I love that description.
It’s still us so there’s always going to be a common thread but the new music definitely feels like its own thing. Throughout the transition from The Katherines to Vox Rea we took a lot of time to introspect and figure out who we are. We wrote the album all over the place – in apartments in Toronto, Boston, LA and Berlin, at a writing camp on Pender Island, at home at our grandma’s piano – then we took the strange collection of songs and spent a week holed up in a studio in the snowy forests of Quebec making a record. The vibe feels more curious and cohesive.
Can you further expand on your website’s tagline “Vox Rea is written for you; this is not a product”?
We’ve spent a lot of time thinking about what it means to be an artist. We live in a world where success often looks like commodifying yourself, artists are expected to be these corporate mannequins and product peddlers, and art has to have a price tag. But that all feels so far from what music actually means to us, you know? We’re not thinking about selling or buying anything when we make music. Art isn’t made in a factory.

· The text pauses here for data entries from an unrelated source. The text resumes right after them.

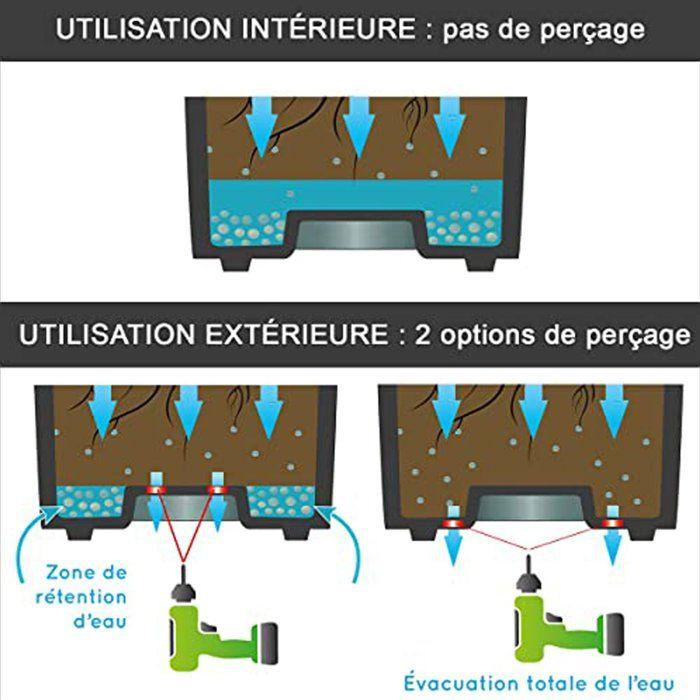 Круглая ваза XXL Ø 48 см - EDA - Toscane - 90 л - Ø 48 x В 80 см - Антрацитовый серый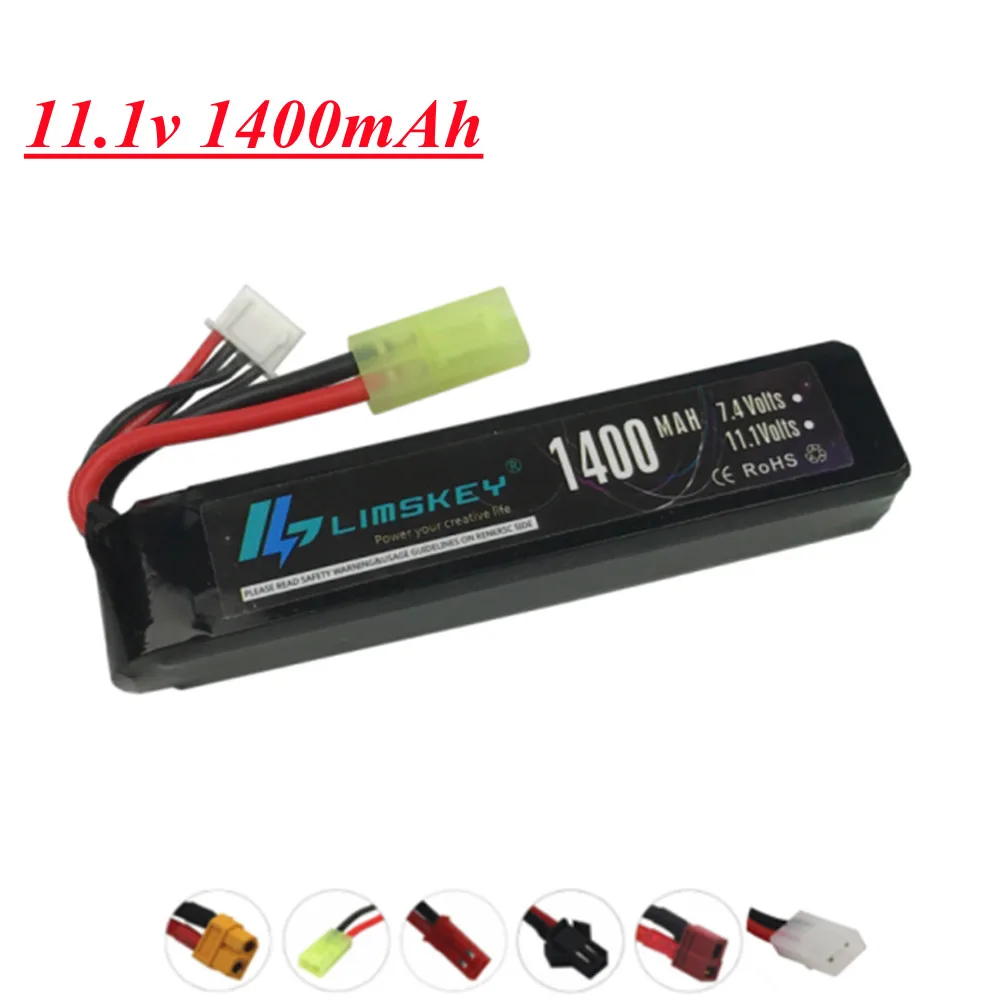 Bateria Lipo para Pistola de Água, Bateria 3S para Mini Airsoft BB Air Pistol, Brinquedos Elétricos, Peças de Armas, 11.1V, 1400mAh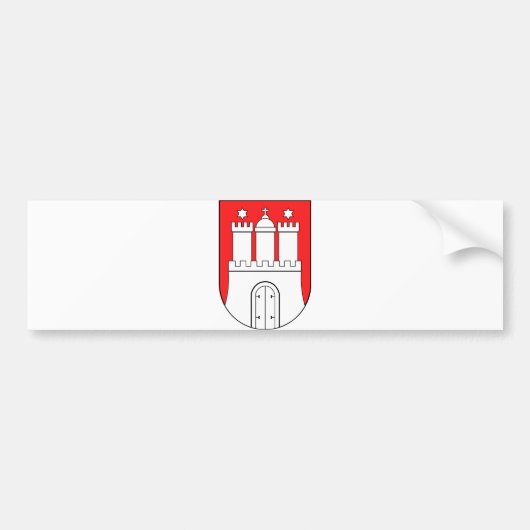 ハンブルクドイツ記号公式の紋章付き外衣 バンパーステッカー (正面)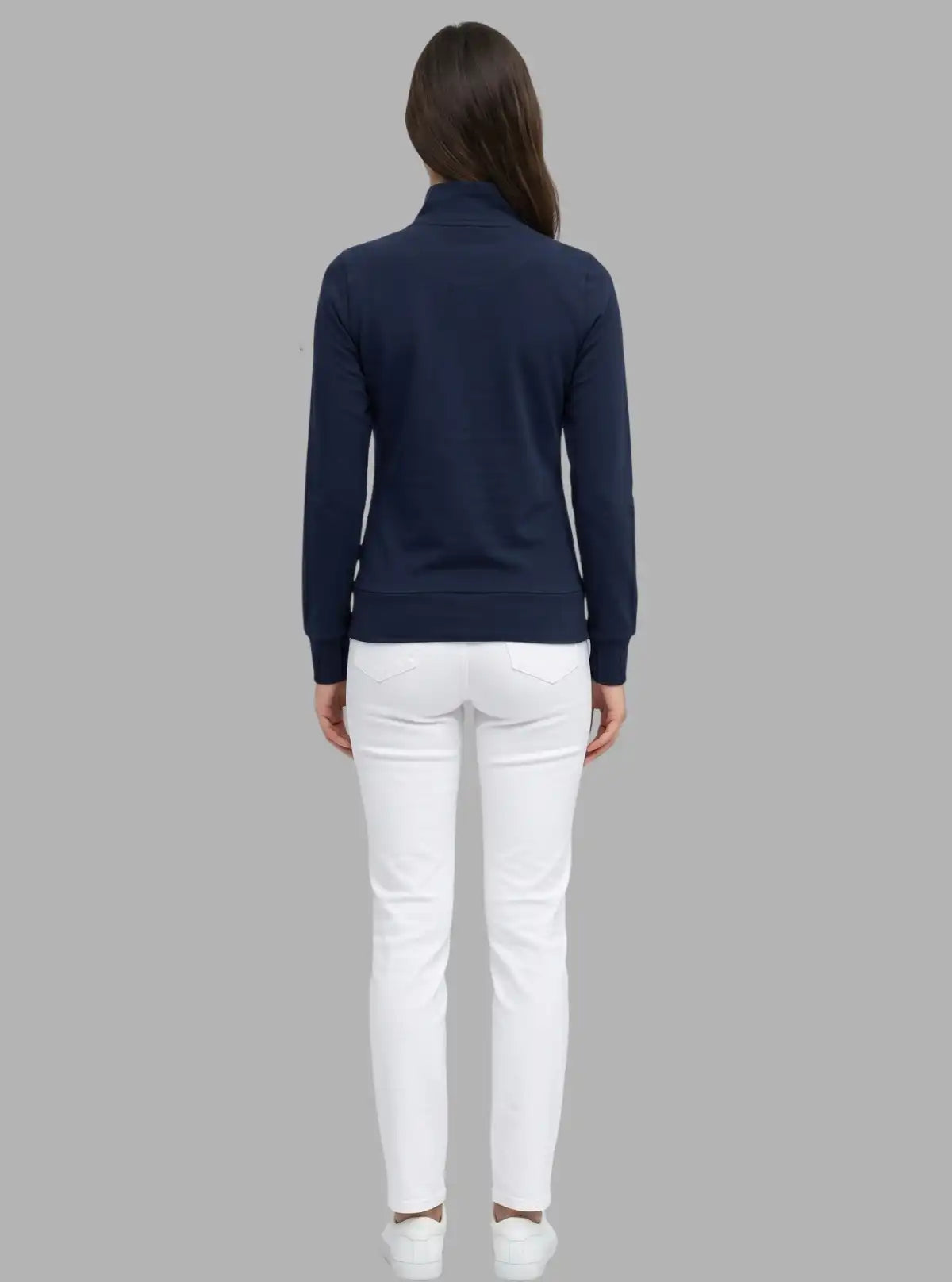 Women’s Blue Full Sleeve Cotton Fleece Zipper Sweatshirt by Boer & Fitch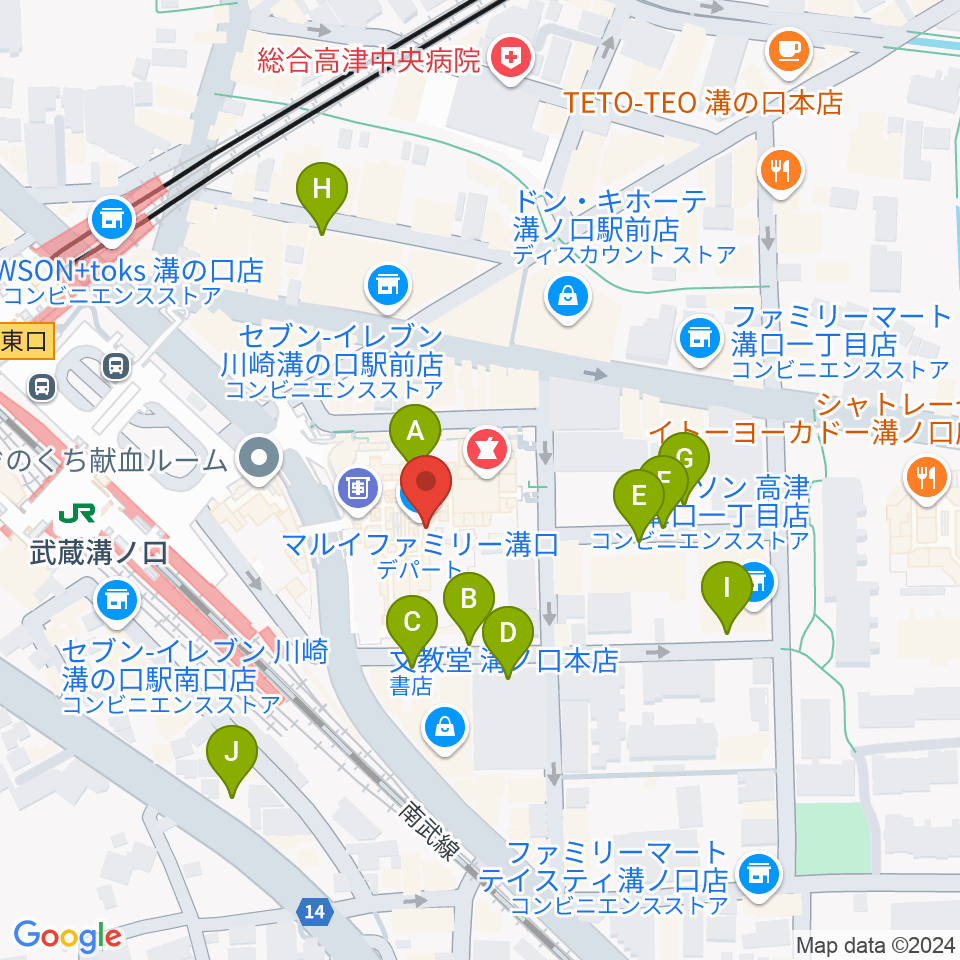 川崎市高津市民館周辺の駐車場・コインパーキング一覧地図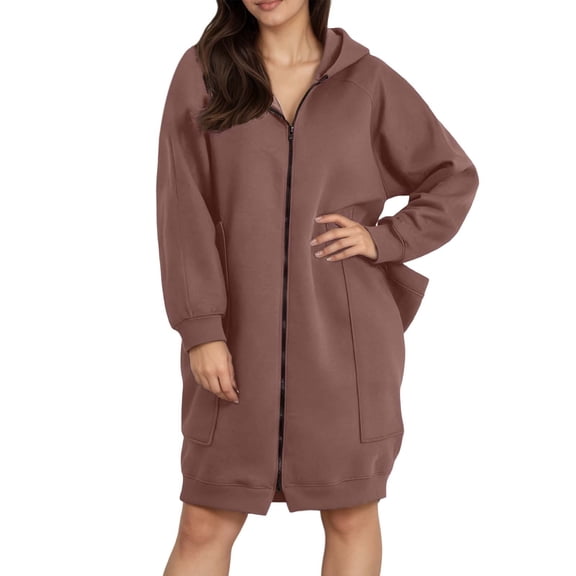Valora Plus Size Hooded Zip Up Sweatshirt Dress for Everyday Wear Cozy Lined Long Sleeve Outerwear with Pockets Lightweight Summer to Fall Transition Tunic Brown 4XL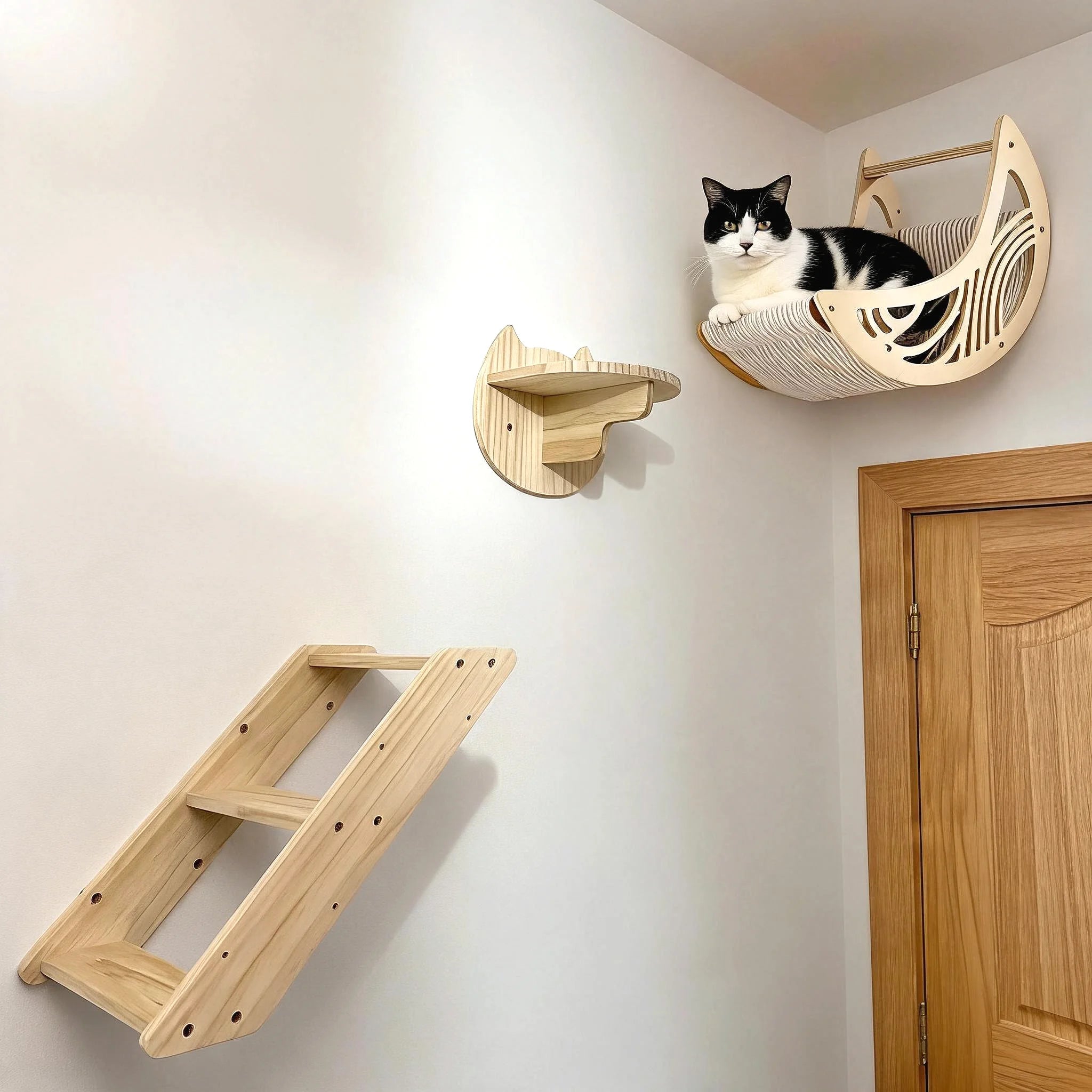Wall-Mounted Cat Hammock Cat Tree Tower Scratching Post Star-Shaped Steps Ladder Kitten Hiding House Indoor Cats Playground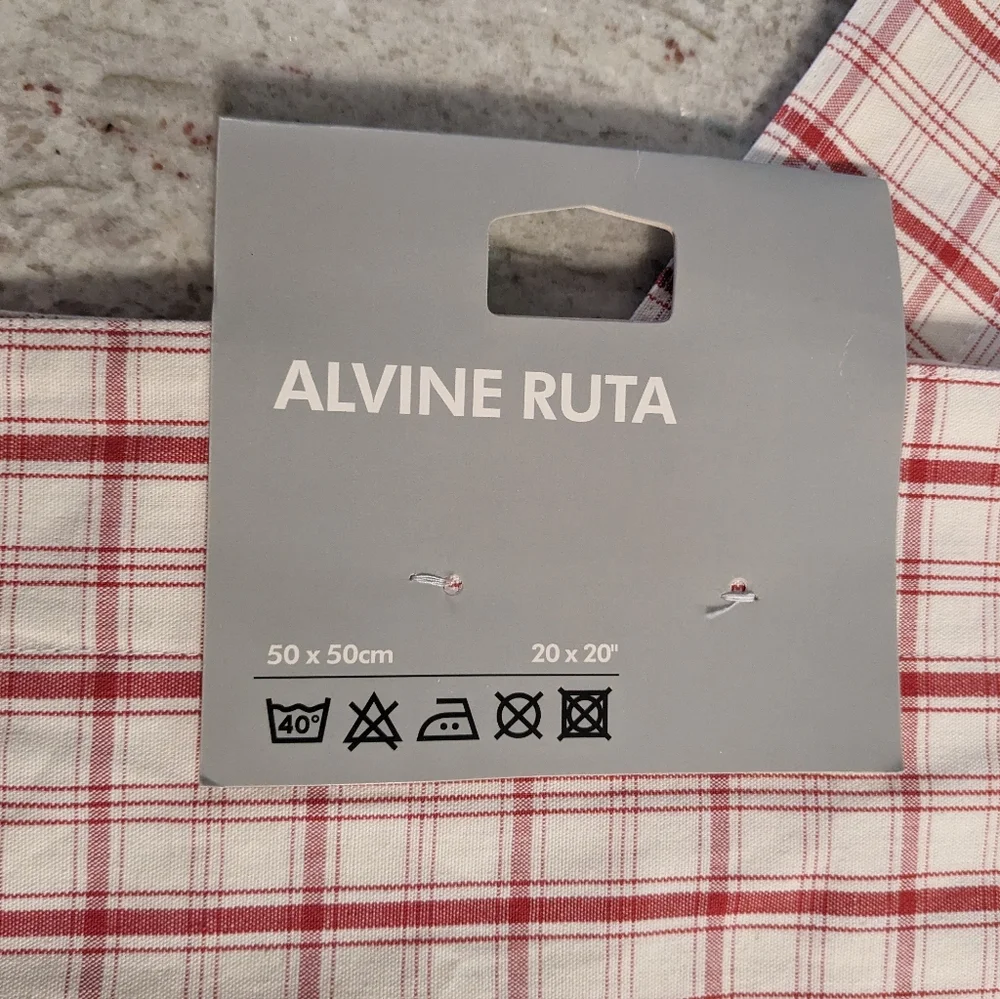 IKEA 100% Cotton Euro Pillow Sham Alvine RuTA Crisp Red & White Farmhouse Plaid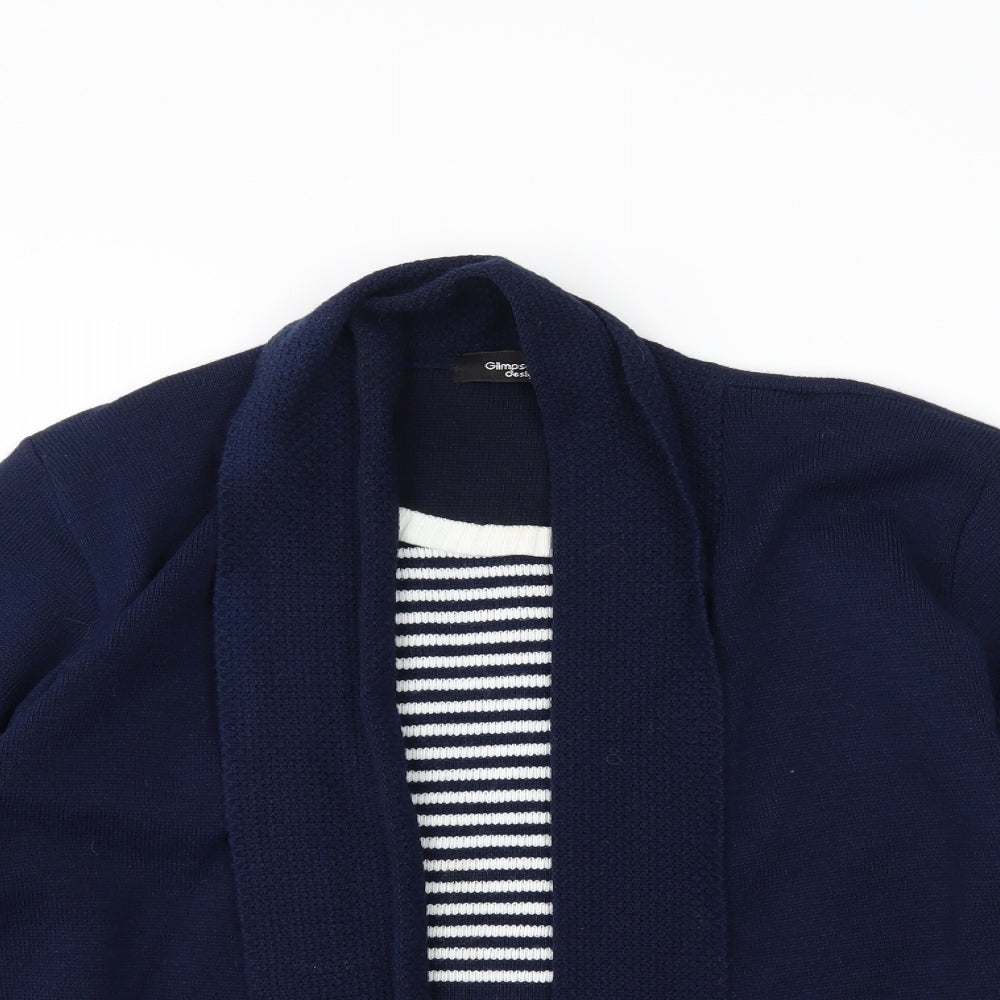 Glimpse Design Womens Blue Striped  Basic T-Shirt Size M  - top and cardigan in one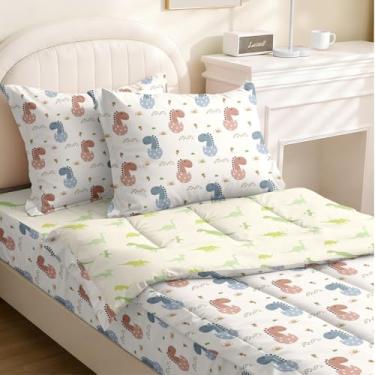 Imagem de Yadangxiawa Jogo de edredom infantil, solteiro com zíper, estampa de dinossauro, lençol com elástico e fronhas para todas as estações (dinossauro-B)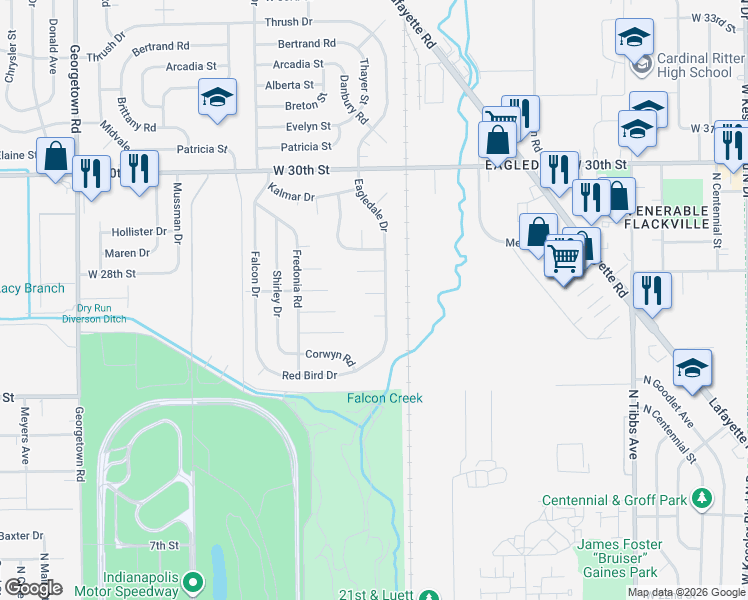 map of restaurants, bars, coffee shops, grocery stores, and more near 8 Bingham Court in Indianapolis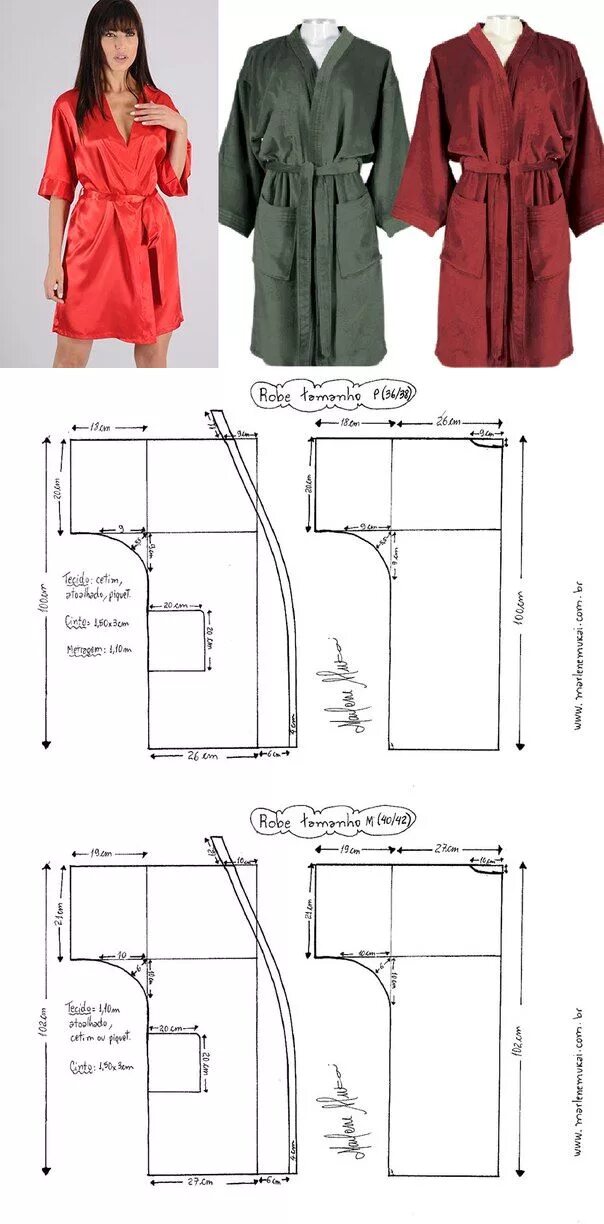 Простые выкройки халат своими руками ШЬЮ САМА Выкройка пижамы, Узоры для одежды, Одежда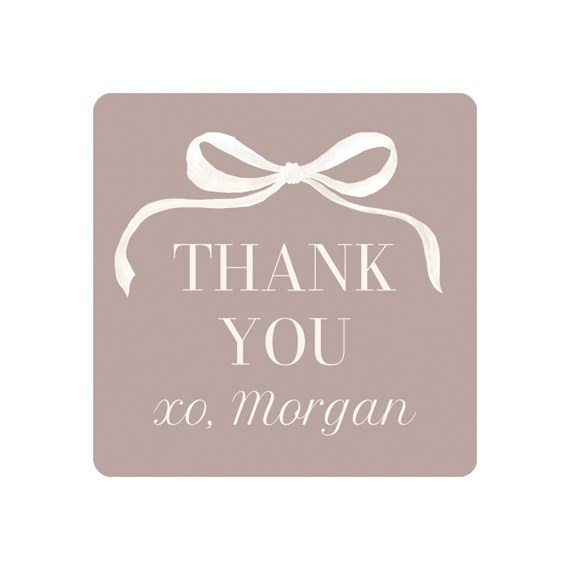 square sticker with thank you message and bow design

So yeah, the tagline is just about our philosophy when it comes to art.
Being such an introspective group in your approach, how would you say the current state of the world has influenced your writing/promotion of your music
It’s changed everything. It really feels like there are no rules these days. We don’t feel bound by the previous structures of the industry and we’ve approached this project with total creative freedom. I guess you could say that the silver lining of the apocalypse is the permission to start building things back up the way we want them to be… to create the world we want to live in.
Any plans for the next six months?
Create, release, existential crisis. Rinse & repeat.
But real talk – the ‘Dose Me Up’ music video is out and we have a new single coming out on November 20th!